**Your objective:** Taking the line with "Search And Rescue" as the first, copy every line through the end of the records below exactly. Do not include pictures.

**Input records:**
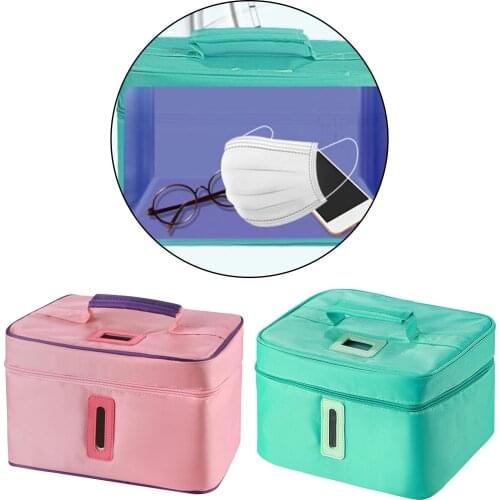 UV Light Sterilizer Bag LED Sterilizing Sanitizing Disinfecting Box Underwear Toys Makeup Tool Sanitizer Box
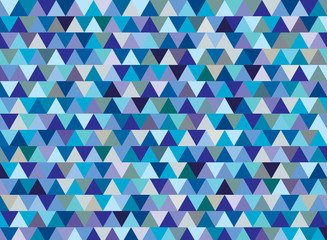 Blue triangle abstract background design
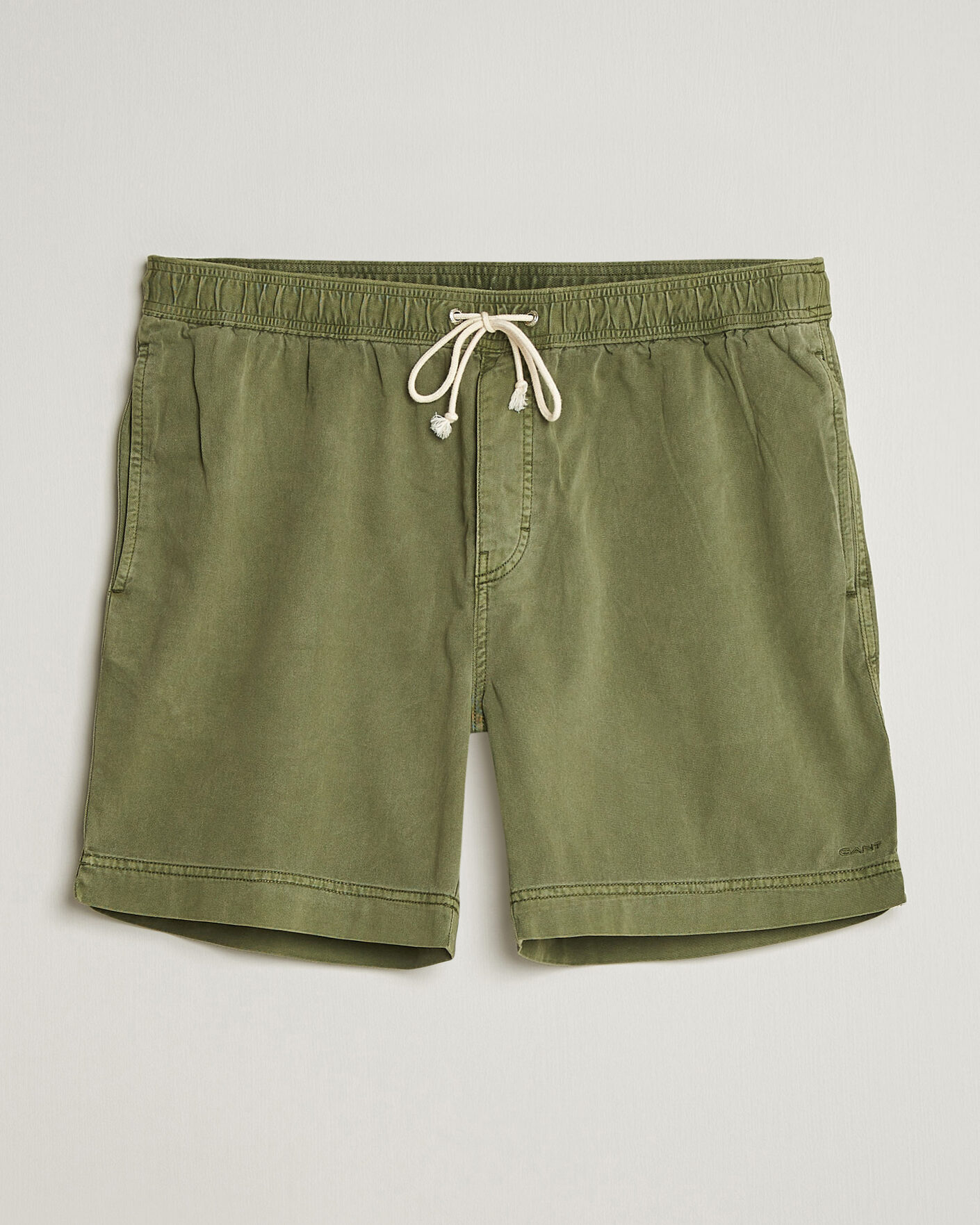 Homme | Shorts | Gant | Regular Fit Sunfaded Drawstring Dry Herb Green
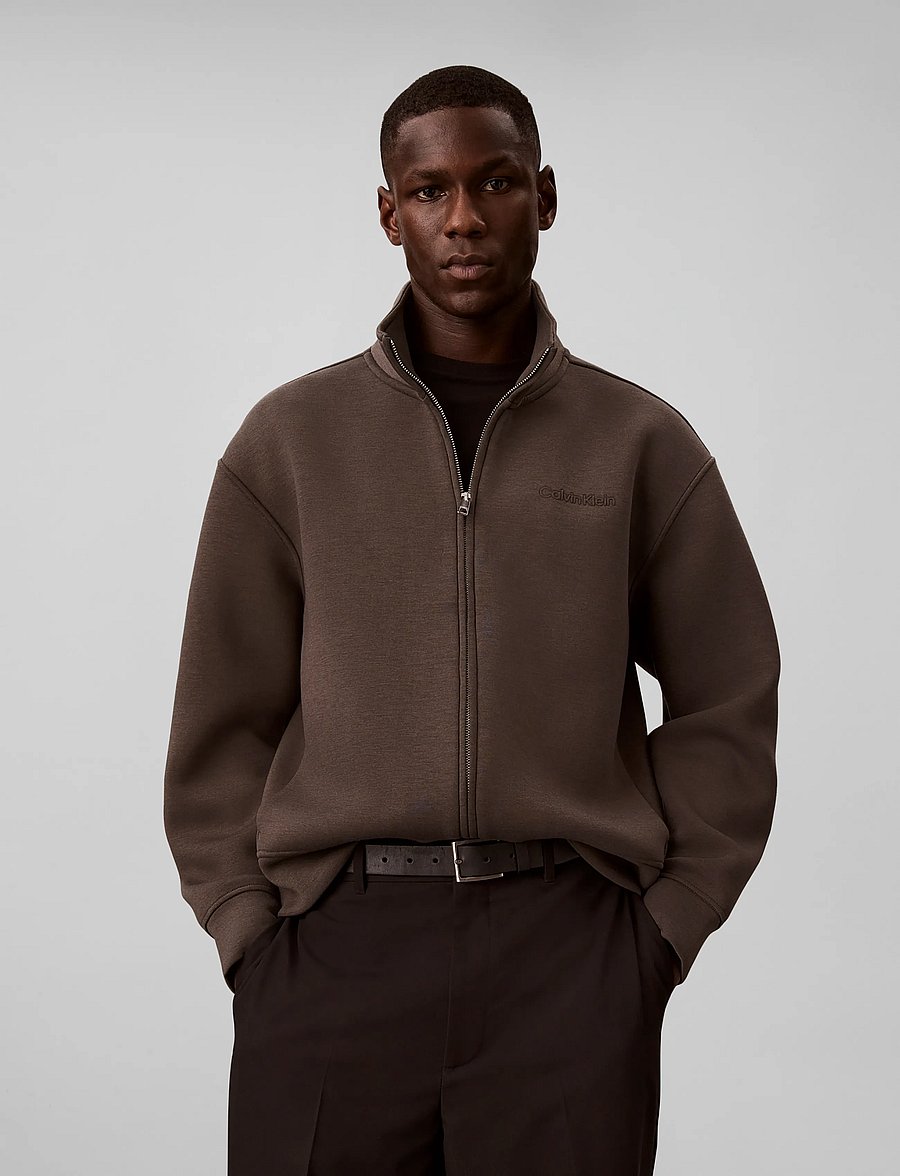 Calvin Klein - LS COOLING SPACER FULL ZIP JACKE - herfstjassen - beluga - 3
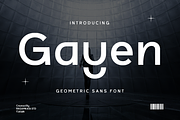 Geometric Sans - Gayen, a Sans Serif Font by RagamKata (Thumbnail 1 of 10)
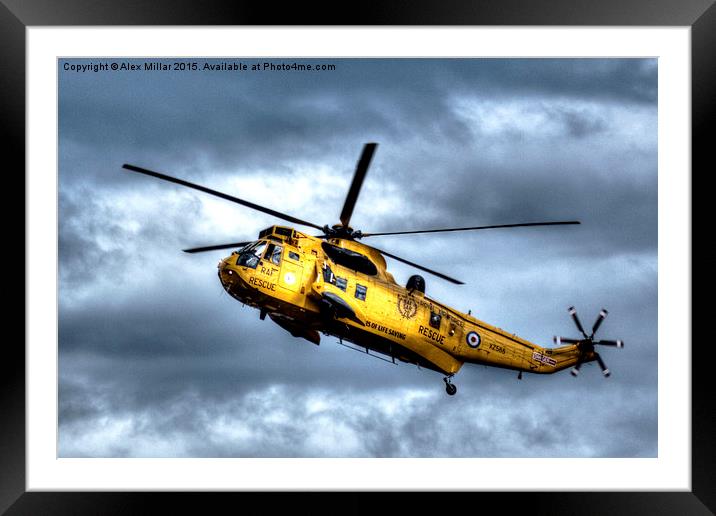  Search And Rescue Framed Mounted Print by Alex Millar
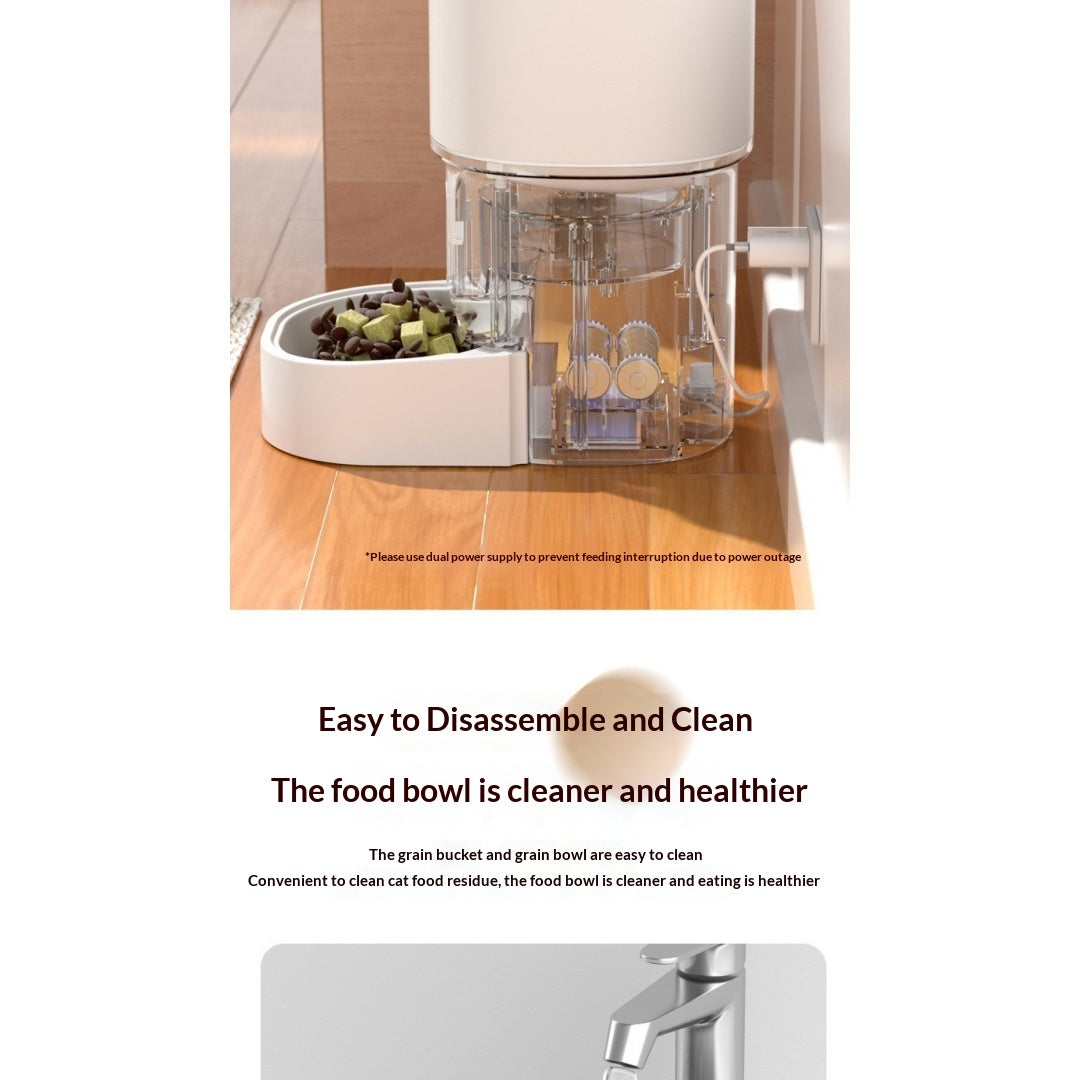 WiFi Smart Pet Feeder – easy to disassemble and clean, detachable food bowl for healthier feeding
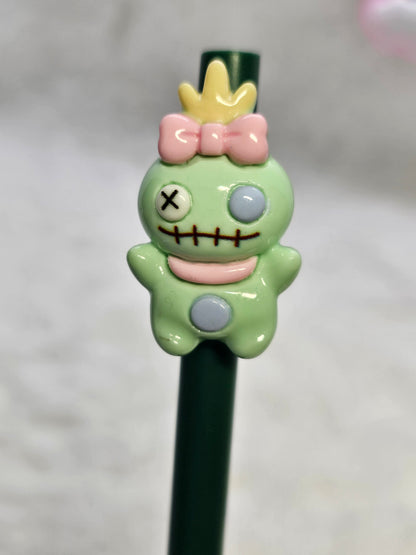 Stitch lip- Straw/pencil or pen charms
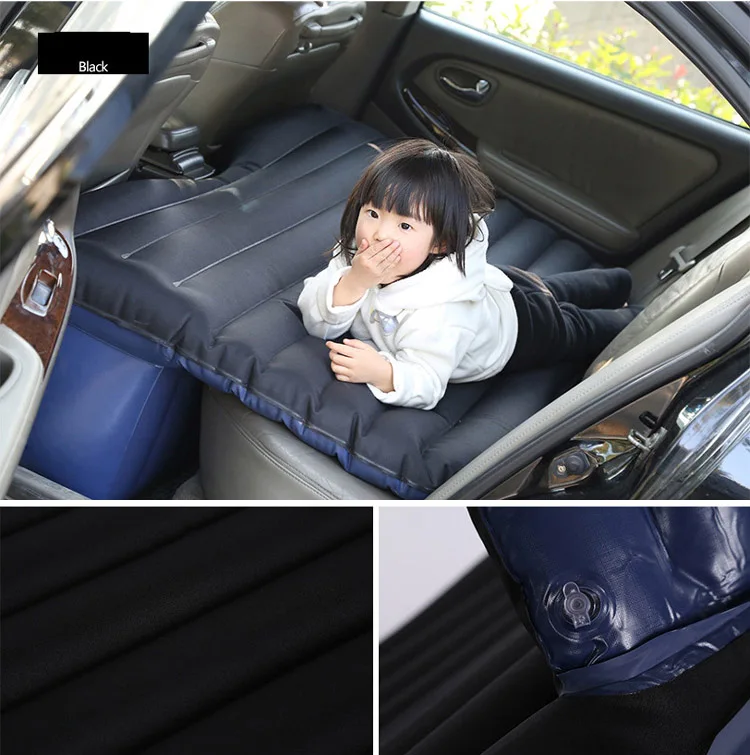 Car Air Bed Travel Inflatable Car Mattress Back Seat Cushion Travel Seat Camping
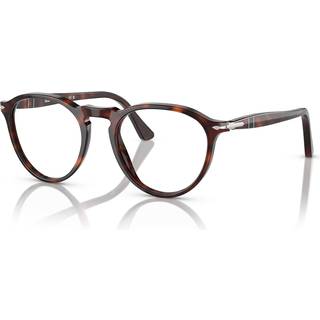 Persol Mand PO3286V 24 Optiske stel Acetat Skildpadde Transparent Pantos Normal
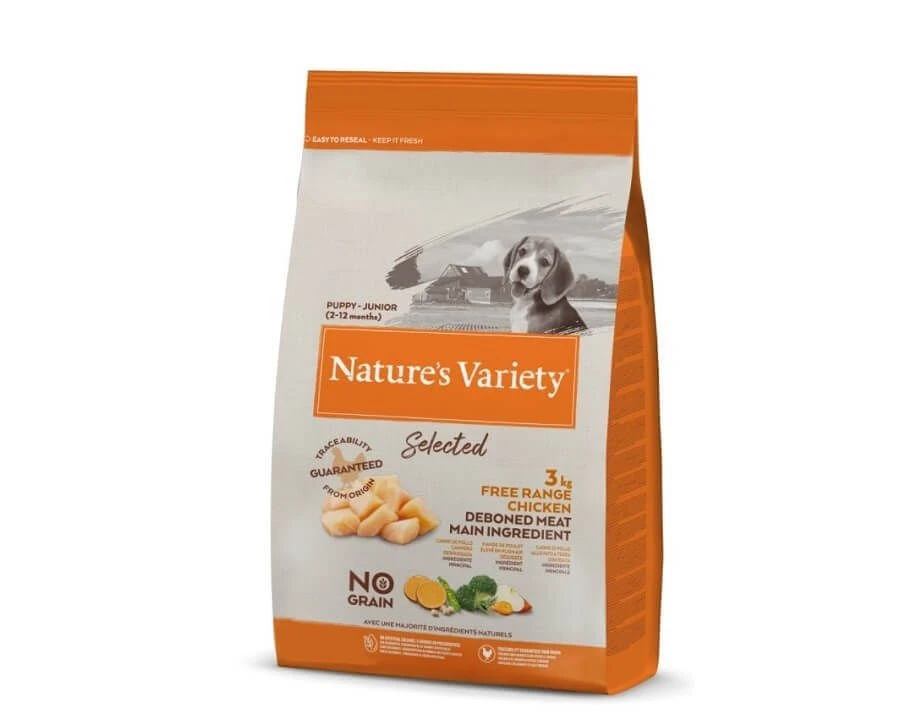 Nature's Variety Croquettes Selected Chien Junior sans céréales poulet 2 kg Nature's Variety Nature's Variety Croquettes Selected Chien Junior Sans Céréales Poulet 2 Kg -Animaux Fourniture Magasin natures variety selected junior poulet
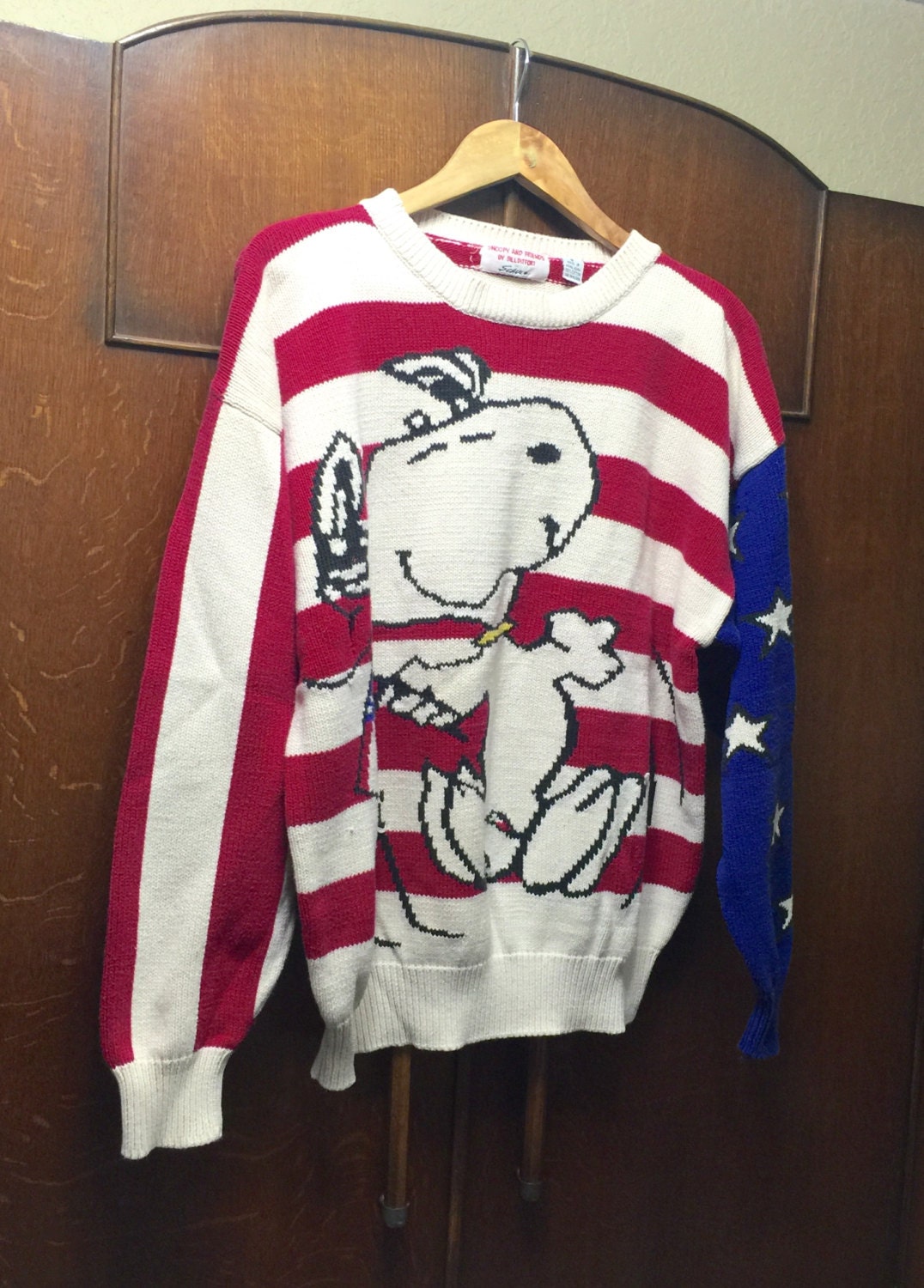 Vintage Snoopy Cotton Sweater Woman's Peanut SweaterSize
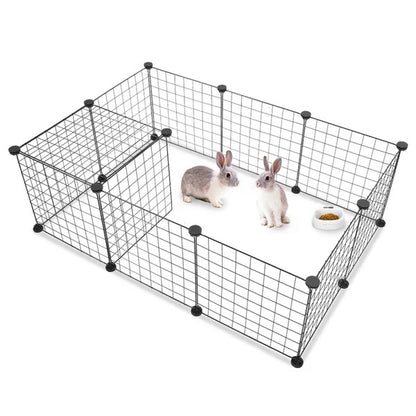 Pet Playpen Small Animal Cage Indoor Portable Metal Wire Yard Fence For Small Animals - view 6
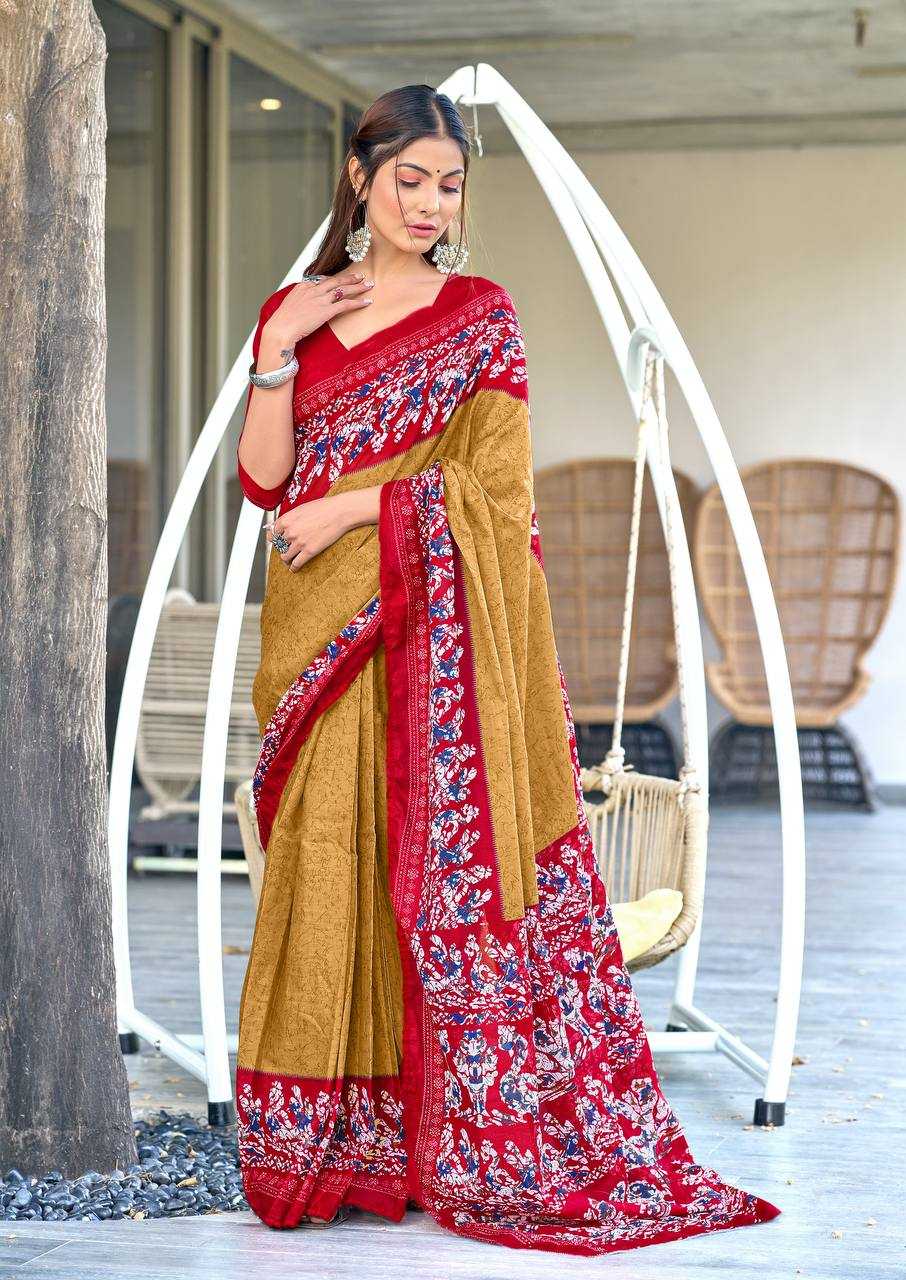 Ynf Cotton RIN229 7-BATIK Sarees Wholesale Printed Sarees Batik Sarees Manufacturer- Kapda Export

**Exercise solution:**
  Search And Rescue Framed Mounted Print by Alex Millar
 WiFi Smart Pet Feeder – easy to disassemble and clean, detachable food bowl for healthier feeding
 Stitch lip- Straw/pencil or pen charms
 Car Air Bed Travel Inflatable Car Mattress Back Seat Cushion Travel Seat Camping
 Persol Mand PO3286V 24 Optiske stel Acetat Skildpadde Transparent Pantos Normal
 Nature's Variety Croquettes Selected Chien Junior sans céréales poulet 2 kg Nature's Variety Nature's Variety Croquettes Selected Chien Junior Sans Céréales Poulet 2 Kg -Animaux Fourniture Magasin natures variety selected junior poulet
 Vintage Snoopy Cotton Sweater Woman's Peanut SweaterSize
 Pet Playpen Small Animal Cage Indoor Portable Metal Wire Yard Fence For Small Animals - view 6
 Ynf Cotton RIN229 7-BATIK Sarees Wholesale Printed Sarees Batik Sarees Manufacturer- Kapda Export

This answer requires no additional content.